Financial Services Commission of Ontario
Neutral Citation: 2008 ONFSCDRS 70
FSCO A07-000279
BETWEEN:
JASWINDER SINGH BRAR Applicant
and
ING INSURANCE COMPANY OF CANADA Insurer
DECISION ON PRELIMINARY ISSUES
Before: Maggy Murray
Heard: February 11, 2008, at the offices of the Financial Services Commission of Ontario in Toronto.
Appearances: Paul Caprani for Mr. Brar David Dinner for ING Insurance Company of Canada
Issues:
The Applicant, Jaswinder Singh Brar, was injured in an incident on September 6, 2005. He applied for statutory accident benefits from ING Insurance Company of Canada (“ING”), payable under the Schedule.1 ING refused to pay Mr. Brar accident benefits on the basis that he was not injured as a result of an “accident” as defined in section 2 of the Schedule. Mr. Brar disagreed. The parties were unable to resolve their disputes through mediation, and Mr. Brar applied for arbitration at the Financial Services Commission of Ontario under the Insurance Act, R.S.O. 1990, c.I.8, as amended.
The preliminary issues are:
Did Mr. Brar sustain an impairment within the meaning of section 2 of the Schedule as a result of an accident?
Is ING required to pay Mr. Brar benefits pursuant to subsection 59(5) of the Schedule?
Is ING liable to pay Mr. Brar’s expenses in respect of the arbitration under section 282(11) of the Insurance Act?

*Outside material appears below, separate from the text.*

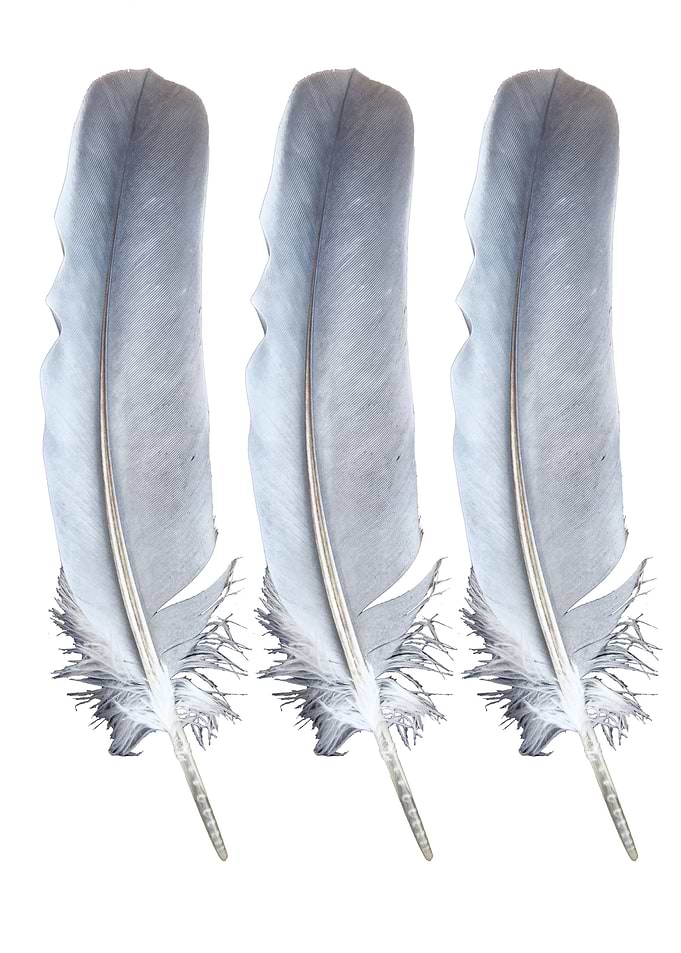 Three Feathers Light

Is Mr. Brar liable to pay ING’s expenses in respect of the arbitration under section 282(11) of the Insurance Act?
Result:
Mr. Brar did not sustain an impairment within the meaning of section 2 of the Schedule as a result of an accident.
ING is not required to pay Mr. Brar benefits pursuant to subsection 59(5) of the Schedule.
The issue of expenses is deferred.
Evidence:
At the time of the incident, Mr. Brar worked as a truck driver for Solda Pools. He arrived at work at 7:00 a.m. on September 6, 2005. He needed to fill his truck with water and tried to drive to the filling station. The route to the filling station was blocked by a truck driven by Mr. Sheridan, another employee of Solda Pools. The Applicant stopped his truck and honked at Mr. Sheridan, who looked in his rear view mirror but did not move his truck. The Applicant drove around Mr. Sheridan’s truck to get to the water tank and thought he may have clipped the right side view mirror of Mr. Sheridan’s truck. The Applicant turned off his truck, opened the truck door and was dragged out by Mr. Sheridan, who then threw the Applicant against the truck’s fender.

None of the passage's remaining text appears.